A few weeks ago, in early February, I travelled across New York to watch a film. I took two subways and walked a significant distance. This is not unusual for me. I was a film student and, if I was not a great student, I retained a certain curiosity.
I’m familiar with this routine – collecting my things and travelling a certain distance to sit in a dark room and watch, in the alleged service of higher education, films by Godard, Cassavetes, Hitchcock. This is not an essay about gender, and those directors’ films are edifying and admirable, but when it comes to auteurs, women are not especially overrepresented.
On this particular occasion, I was late. This is also not unusual for me.

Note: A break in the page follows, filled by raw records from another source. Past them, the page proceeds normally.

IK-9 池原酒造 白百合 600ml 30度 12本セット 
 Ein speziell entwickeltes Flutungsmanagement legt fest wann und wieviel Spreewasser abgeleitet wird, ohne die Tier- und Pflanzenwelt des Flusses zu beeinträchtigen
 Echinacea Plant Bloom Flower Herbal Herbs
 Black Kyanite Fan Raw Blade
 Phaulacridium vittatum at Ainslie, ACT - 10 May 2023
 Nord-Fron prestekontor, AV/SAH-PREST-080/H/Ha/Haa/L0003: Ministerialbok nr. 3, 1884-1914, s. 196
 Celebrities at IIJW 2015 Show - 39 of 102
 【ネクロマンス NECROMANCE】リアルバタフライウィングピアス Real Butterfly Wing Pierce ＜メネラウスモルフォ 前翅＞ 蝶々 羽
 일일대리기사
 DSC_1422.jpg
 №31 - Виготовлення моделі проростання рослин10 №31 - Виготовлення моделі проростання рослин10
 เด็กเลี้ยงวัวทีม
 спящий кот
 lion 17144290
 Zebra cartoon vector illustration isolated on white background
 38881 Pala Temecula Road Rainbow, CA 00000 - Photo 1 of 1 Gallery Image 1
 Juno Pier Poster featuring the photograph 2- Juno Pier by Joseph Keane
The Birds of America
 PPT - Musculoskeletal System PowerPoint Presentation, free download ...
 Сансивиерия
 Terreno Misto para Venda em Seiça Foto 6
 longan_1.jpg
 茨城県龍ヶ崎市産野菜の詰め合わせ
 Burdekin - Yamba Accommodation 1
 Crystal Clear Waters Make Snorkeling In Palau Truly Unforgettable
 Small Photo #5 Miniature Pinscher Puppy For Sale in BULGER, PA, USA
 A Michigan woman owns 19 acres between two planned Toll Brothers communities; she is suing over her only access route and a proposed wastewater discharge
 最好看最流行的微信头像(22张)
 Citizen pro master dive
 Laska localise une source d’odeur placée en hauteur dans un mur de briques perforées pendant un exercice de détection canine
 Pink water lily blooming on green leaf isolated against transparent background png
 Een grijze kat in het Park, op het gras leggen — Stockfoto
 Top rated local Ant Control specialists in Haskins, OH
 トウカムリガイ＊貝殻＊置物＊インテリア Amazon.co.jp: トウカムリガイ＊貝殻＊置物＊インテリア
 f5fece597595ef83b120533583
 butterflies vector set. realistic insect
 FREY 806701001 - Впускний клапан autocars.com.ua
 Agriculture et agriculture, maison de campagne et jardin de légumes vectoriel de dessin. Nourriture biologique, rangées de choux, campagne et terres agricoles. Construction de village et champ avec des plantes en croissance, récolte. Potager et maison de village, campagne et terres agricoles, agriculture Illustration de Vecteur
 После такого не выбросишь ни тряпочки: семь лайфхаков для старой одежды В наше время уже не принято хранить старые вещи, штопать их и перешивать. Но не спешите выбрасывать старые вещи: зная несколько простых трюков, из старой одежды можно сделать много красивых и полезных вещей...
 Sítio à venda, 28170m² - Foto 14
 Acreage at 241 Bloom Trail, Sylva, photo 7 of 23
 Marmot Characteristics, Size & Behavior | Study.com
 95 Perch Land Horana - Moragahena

I had to enter the cinema after the film had started, an experience not unlike beginning to write: you stumble around in the dark for a while, feeling desperately, incontrovertibly behind, apologising to everyone for the inconvenience, until you hopefully find a seat, a place where you're less confused. On the screen in front of me, seventies New York unspooled. The film was Chantal Akerman's 1977 drama News from Home.
The description of it as a “drama” is imperfect; in fact, nothing happens at all, there is no narrative, no journey or catharsis. Instead, Akerman reads out her mother’s letters to her from home in a dispassionate, occasionally rushed, voiceover, as long shots of pre-Giuliani New York fill the screen.
There is a sense of menace, these are mean streets, but it’s a moving experience. It’s strange, when you’re constantly assaulted by disaster, when it seems natural to surrender to hopelessness, what touches you. It’s the letters themselves – the information her mother delivers, bits of small-town gossip, in comparison to the obvious vastness of Akerman’s life in the city. Her tone is restrained but occasionally it slips, betrays her sense of loss and her worry over her daughter’s safety. One letter simply ends with, “Stay well, sweetheart”.
It was only after I left, when I thought about the film – because it's a film that forces you to think-that I realised how disruptive it actually was. It was 1977, Taxi Driver-era New York, and Akerman was a lone woman with a movie camera, making a mother-daughter picture.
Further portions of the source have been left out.